Ingo means followings.
A title of Daijo Tenno (the Retired Emperor)
A posthumous title of the Emperor
A title of Nyoin (woman bestowed with the title "in")
A title conferred on the Imperial Family for good treatment
A title of a temple
A title which was used as a Kaimyo (a posthumous Buddhist name) for the Sekke (line of regents and advisers), Ashikaga Shogun family, Tokugawa Shogun family, Daimyo family (feudal lord family) and other samurai, and the people
Indengo, Jidengo, and Kengo are related to Ingo.
Ingo as an honorific title of the Retired Emperor
In 823, the title Ingo came to be known as the different name of Daijo Tenno when Emperor Saga moved the Imperial Palace to Saga, Kyoto and was called Sagain. Similarly, Emperor Reizei and Emperor Enyu were called Reizeiin and Enyuin respectively after they left their thrones. At first, Ingo indicated an emperor who left his throne while he was alive, but it became a custom to confer Ingo as a posthumous title on the Emperor who passed away during his reign.
Sometimes, there was more than one Retired Emperor or Cloistered Emperor. In that situation, they were discriminated from by being called their residence's name (sometimes it became their posthumous title after their death) or Ichiin (or Honin), Chuin (when there were more than three) or Shinin in their reign order.
Ingo as an honorific title of Nyoin
The Empress Dowager, "FUJIWARA no Senshi", who was Emperor Ichijo's mother, got a title of Nyoin as Higashi Sanjoin, which started a custom that Ingo was conferred on three Empresses: the Empress, the Empress Dowager, and the Grand Empress Dowager, in the Imperial Court. The court hearing held by Kugyo (the court nobles) for giving Ingo was named Ingo-sadame. After FUJIWARA no Senshi, conferring the honorific title Moningo became a general rule, including Jotomonin (FUJIWARA no Shoshi). Conferring Ingo on an empress was called Ingo Senge.

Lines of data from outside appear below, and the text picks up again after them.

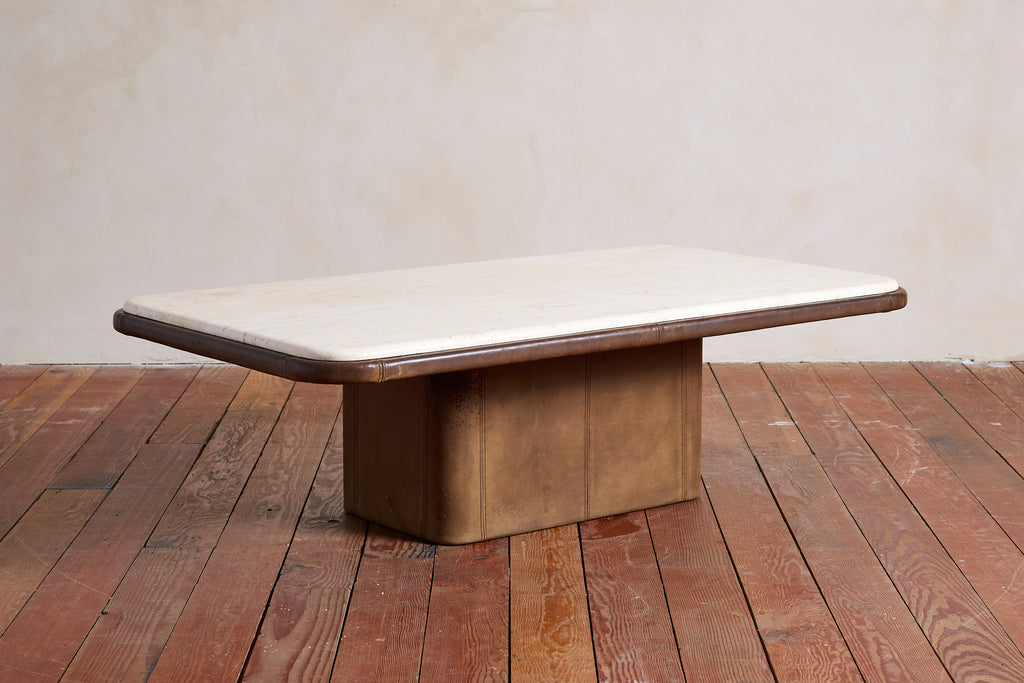 De Sede Leather and Travertine Coffee Table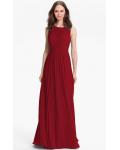 Princess Floor-length None Jewel Natural Bridesmaid Dresses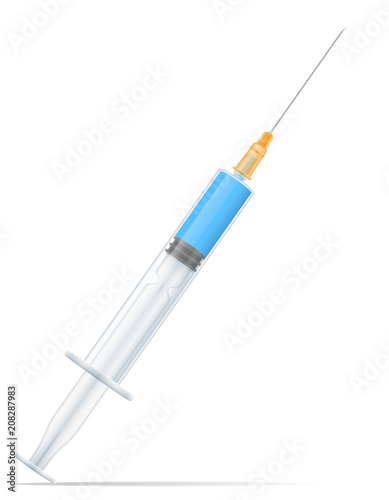 medical syringe for injection stock vector illustration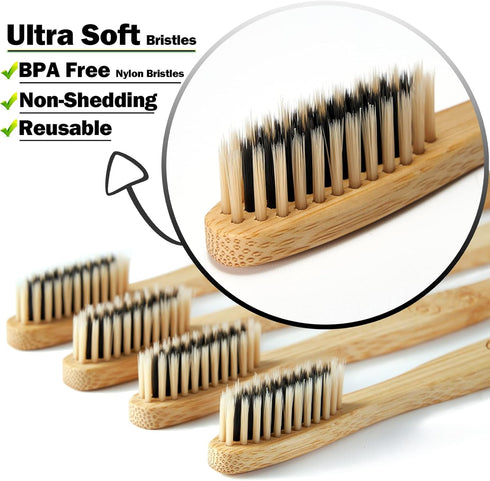 10 Count Bamboo Toothbrushes (Soft + Medium) - Charcoal Natural Wood Toothbrushes, Reusable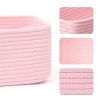 Picture of MiniArk Shelf Storage Baskets for Organizing | Closet Organizer Bins | Small Baskets | Toy Basket | Cube Decorative Box | Shallow Basket | Woven Rope Basket | 13×8.5×5.1” | 3 Packs Light Pink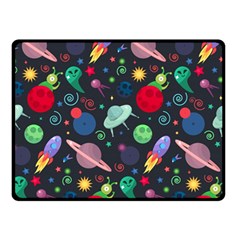 Cosmos Ufo Concept Seamless Pattern Double Sided Fleece Blanket (small)  by Vaneshart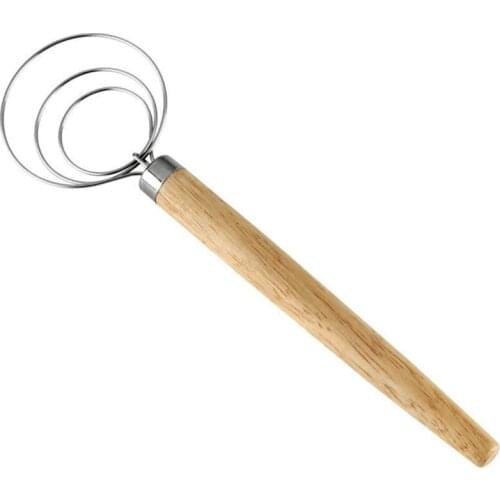 Stainless Steel Danish Dough Whisk Blender Cake Bread Pastry Dough Mixer Mixer Tools Egg Baking Kitchen J1Z0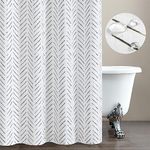 jinchan Black and White Shower Curtain Herringbone Fabric Shower Curtain Zig Zag Chevron Farmhouse Shower Curtain Zigzag Modern Shower Curtain for Bathroom Waterproof Hooks Included 70x72 inches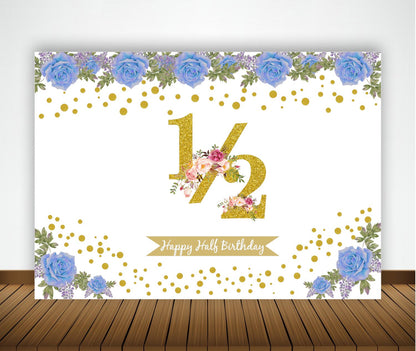 Half Birthday Boys Decoration Kit With Backdrop And Balloons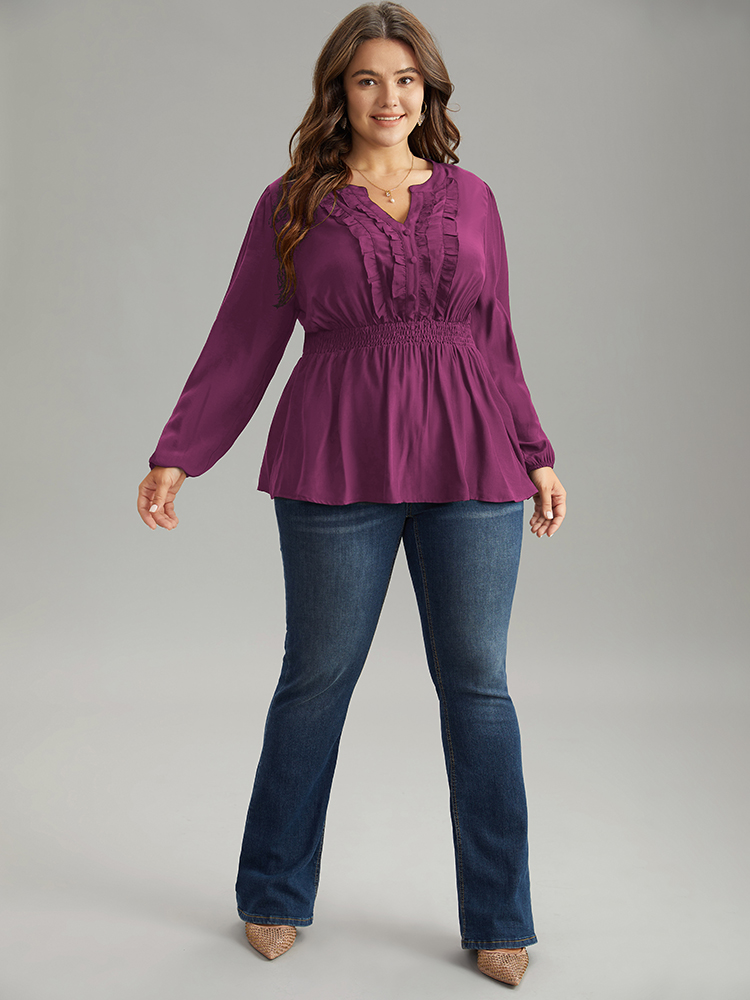 Plus Size RedViolet Solid Frill Trim Shirred Flutter Hem Blouse Women Elegant Long Sleeve Notched collar Dailywear Blouses BloomChic 10/M 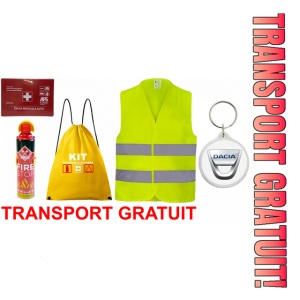 Set Kit siguranta auto cu saculet compact ce contine - Stingator spray 1kg, Trusa Medicala omolgata R.A.R, vesta reflectorizanta, Breloc cadou DACIA , compatibil cu orice autoturism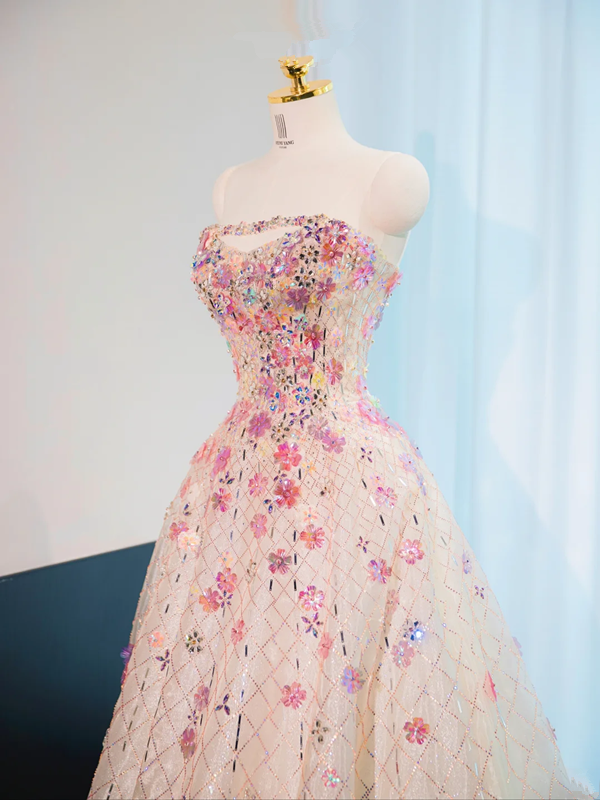 Light pink strapless, fitted waist, full skirt, long ball gown, bridal dress R9015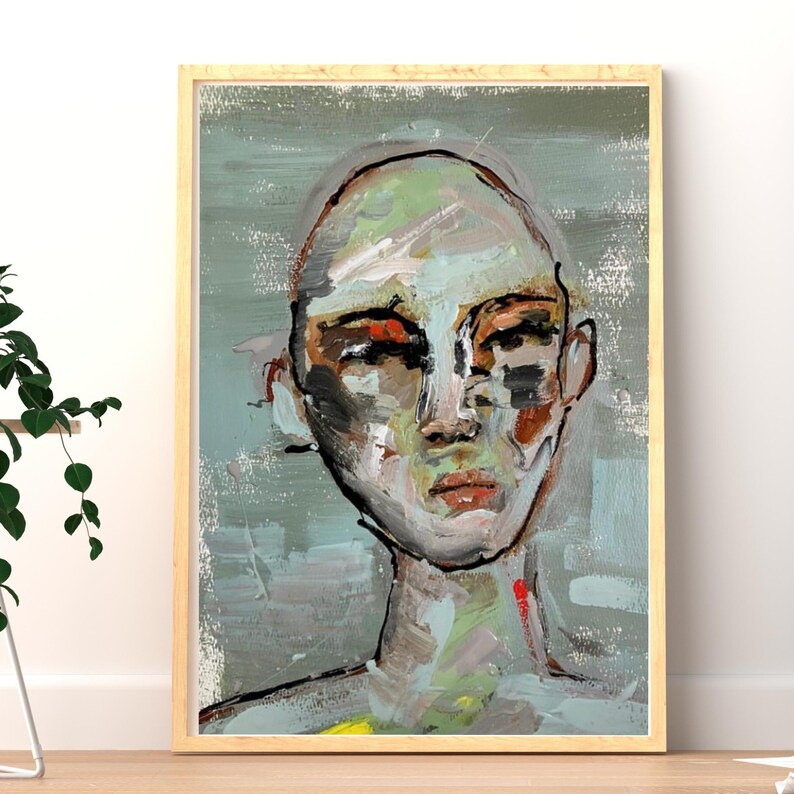 Mutige Porträtstudie | Abstrakte weibliche Malerei | Zeitgenössische expressionistische Kunst Bild 2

Ingo for good treatment of the Imperial Family
As an example of the former case, Imperial Prince Atsuakira received Ingo as Koichijoin.
There was a rule that the Imperial Prince who did not ascend to the throne was given Ingo as the father of the Emperor when his son was enthroned. (See Daijo Tenno)
Ingo as a title of a temple
After the Heian period, temples where members of Imperial Family entered priesthood were allowed to have the Ingo.
Ingo as Kaimyo
Ingo, which was originally conferred on only the Emperor and three Empresses: the Empress, the Empress Dowager and the Grand Empress Dowager, began being conferred among subjects when the chief adviser to the Emperor, FUJIWARA no Kaneie called himself as Hokoin.
From the Heian period to the Kamakura period, Ingo was used as Kaimyo of the Emperor and the Imperial Family at first, and then Sekke and Shogun families as well. However, as time passed, the use of Ingo as a Kaimyo for Japanese feudal lords, their lawful wives and concubines, and even their vassals became increasingly common. Moreover, after the Muromachi period, Indengo and Jidengo came into being as higher rank titles, and Ingo as Kaimyo became the second rank.
Today, Ingo is appended to Kaimyo and Homyo (a posthumous Buddhist name in Jodo Shinshu [the True Pure Land Sect of Buddhism]) of lay believers.
It came to be recognized as standard that Kaimyo consists of Ingo and Igo (for example, Koji, Daishi, Shinshi and Shinnyo). Especially, the name combined Ingo and Igo is commonly called Inkoji and Inshinshi.
Some sects, such as Jodo Shinshu do not use Igo.